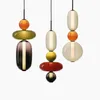 Luminárias pendentes luzes de vidro multicolorido moderno para sala de jantar cabeceira colorido abajur pendurado decoração de casa interior
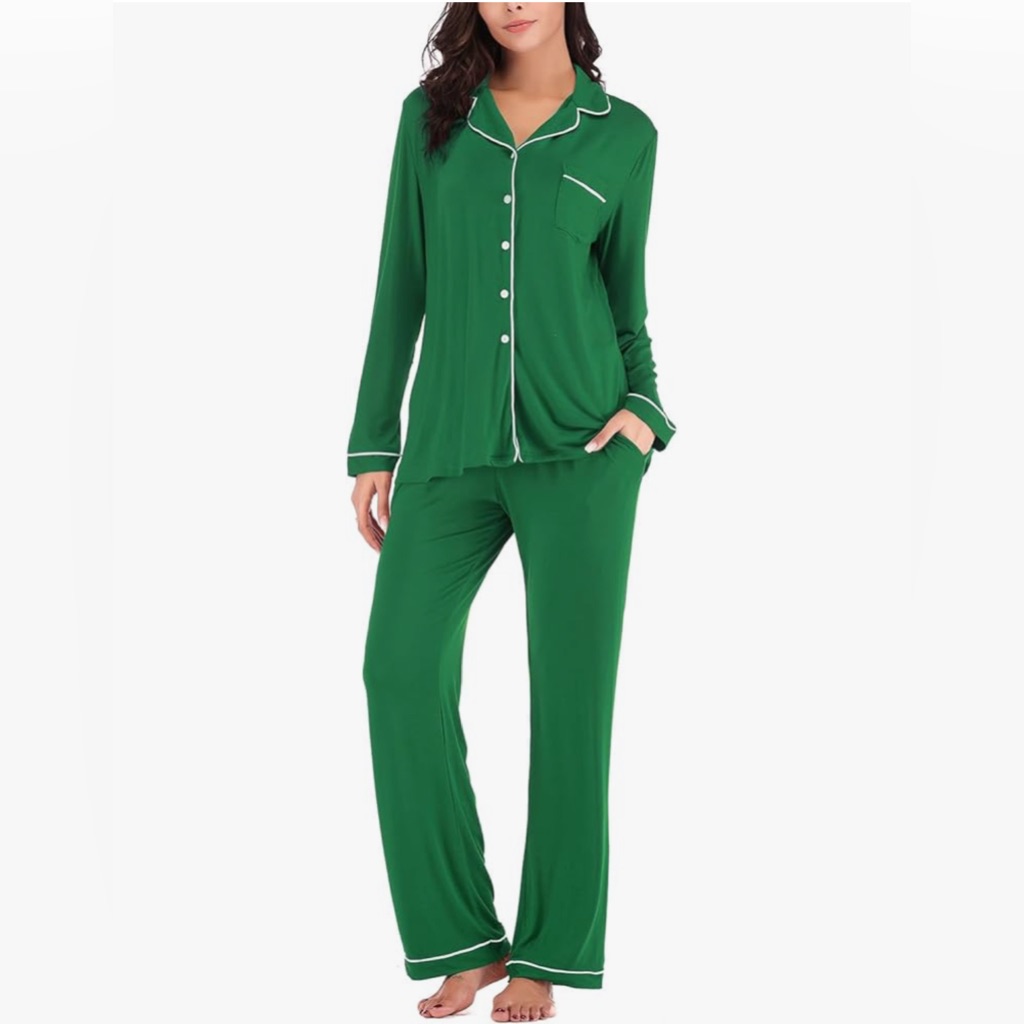 Aamikast Pajama Sets Button Down Sleepwear Nightwear Soft Pjs Lounge Sets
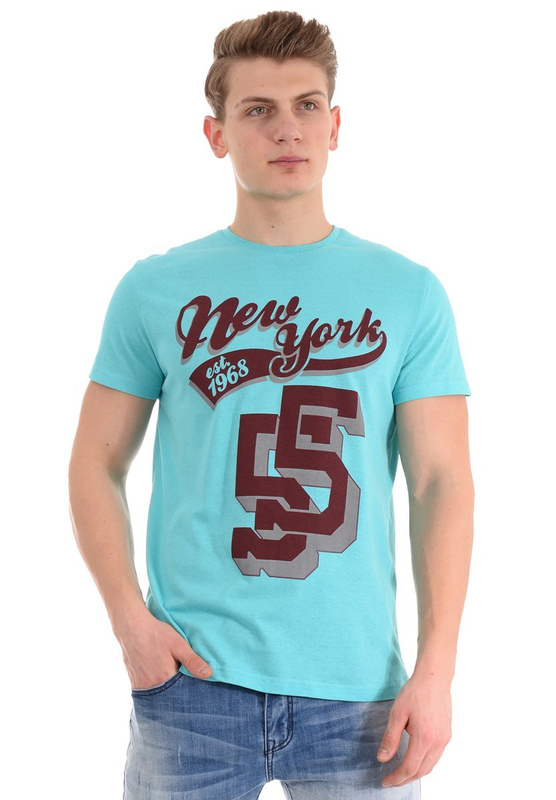 Męska Koszulka T-Shirt Nadruk Turkusowa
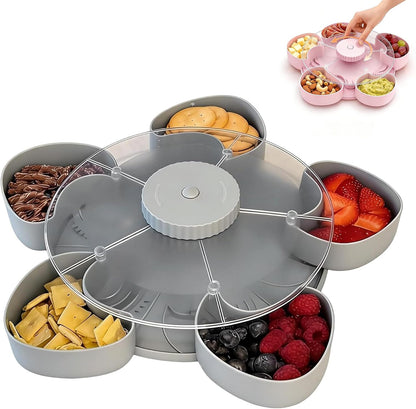 Divided Serving Tray that Spins with Lid, Rotating Snack Tray with 5 Compartments, Divided Spin and Snack Serving Tray, Snack Organizer for Fruit, Nuts, Candy, Veggies, Party Appetizers (Gray)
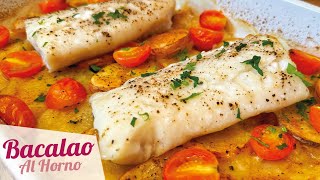 BACALAO AL HORNO CON PATATAS  Pescado al horno [upl. by Finn]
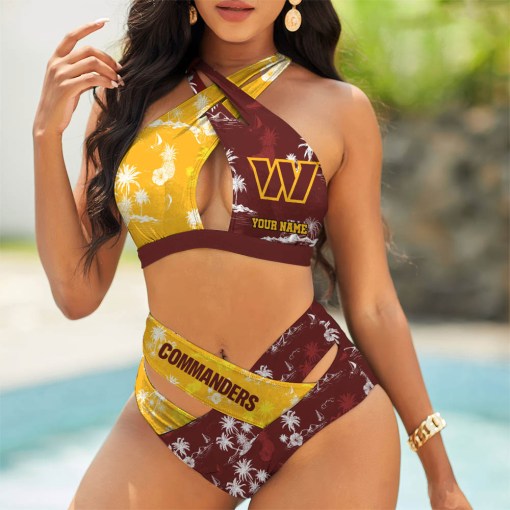 Washington Commanders Women’s 2PCS Bikini Swimsuit Criss Cross Cutout Bathing Suit S9BCCB089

YOUR OBJECTIVE: Wherever a picture appears in the listing above, drop it, and restate the rest exactly.

ANSWER FOR THE TASK:
 Luminárias pendentes luzes de vidro multicolorido moderno para sala de jantar cabeceira colorido abajur pendurado decoração de casa interior
 Aamikast Pajama Sets Button Down Sleepwear Nightwear Soft Pjs Lounge Sets
 Męska Koszulka T-Shirt Nadruk Turkusowa
 Divided Serving Tray that Spins with Lid, Rotating Snack Tray with 5 Compartments, Divided Spin and Snack Serving Tray, Snack Organizer for Fruit, Nuts, Candy, Veggies, Party Appetizers (Gray)
 BACALAO AL HORNO CON PATATAS  Pescado al horno [upl. by Finn]
 Washington Commanders Women’s 2PCS Bikini Swimsuit Criss Cross Cutout Bathing Suit S9BCCB089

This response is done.